It’s summer time and, at least according to George Gershwin, the living will be easy. Newspapers and magazines are full of advice about how we are expected to dress and behave for the next eight weeks. It’s not actually going to be easy. How can we possibly live up to the demands of summer? One particular advertisement I saw in a color magazine said it all. It showed a photo montage of a family dressed in what appear to be circus outfits, and variously engaged in fishing, throwing beach balls, sucking fizzy drinks through straws, cooking lobsters on a barbecue, and apparently playing tennis using a large dog as a net. All of them except the dog had peculiarly artificial fixed smiles, as if they had overdosed on some potent happiness drug. This is summer, according to the advertising industry. We must live outdoors, we must dress very strangely, we must have suitable "activities," and we must smile, because there will be nothing to smile about in November.

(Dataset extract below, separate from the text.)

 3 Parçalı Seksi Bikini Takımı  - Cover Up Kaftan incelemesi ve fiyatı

Summer is traditionally a happy time, when we can enjoy vacations and outdoor activities in the warm sunshine, if any. Saudi Arabia may be warmer, but they just can’t beat us for humidity. Summer brings many experiences that are denied to us all winter: mosquitoes, deer ticks, lawn care, carbonized food from the barbecue, ozone warnings, deadly ultra-violet rays, and hurricanes. Oddly enough, in spite of all this happy stuff, indexes of happiness tend to dip downwards in the summer. Perhaps it’s the air conditioning bills.
Living outdoors is a collective summer fantasy. Yet the outdoors was not really discovered until the late eighteenth century. Before that, nature was just something you put in the background of paintings, which were supposed to be hung safely indoors out of the rain. Then artists began to paint nature herself, especially in her sublime, picturesque and pastoral aspects: mountains, waterfalls, deserts, and country scenes. Inspired by these dramatic images wealthy folks traveled to wild and remote parts of the world to experience the emotional power of raw nature. But they soon discovered that it was more comfortable to live in town and look at the paintings.

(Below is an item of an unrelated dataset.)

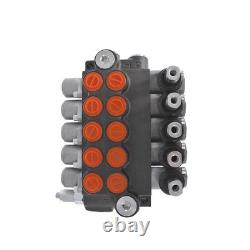 5 Spool 11 GPM Hydraulic Control Valve SAE Ports Monoblock Double Acting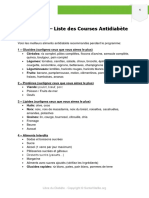 Libre Du Diabete Liste Courses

The great appeal of summer is that it offers the possibility of an outdoor life for a few weeks. That’s all most of us need: the possibility. We are an indoor species, not adapted to survive long without shelter. We started out in caves, then graduated to huts and houses, and finally to MacMansions and condominiums. Our whole history has been a progression from outdoors to indoors, so that now we live, and even play within four walls most of the time. We prefer to work indoors. It’s more prestigious, and it pays better. The whole education industry is built on this simple fact. In the science fiction and architectural fantasies of the 20th century, visionaries dreamed of covered cities, completely separated from the hazards of the open air. Nature could be viewed on television. This prophecy has already come true in places like Phoenix and Houston and has been enshrined in fiction by Steven King (in "Under the Dome") and Bart Simpson (in "The Simpson’s Movie").
This nervousness about being in the open air is not entirely crazy. Some Boy Scout troops now have their "camps" indoors, for safety reasons. If scouts can’t survive outdoors in summer, what hope is there for the rest of us?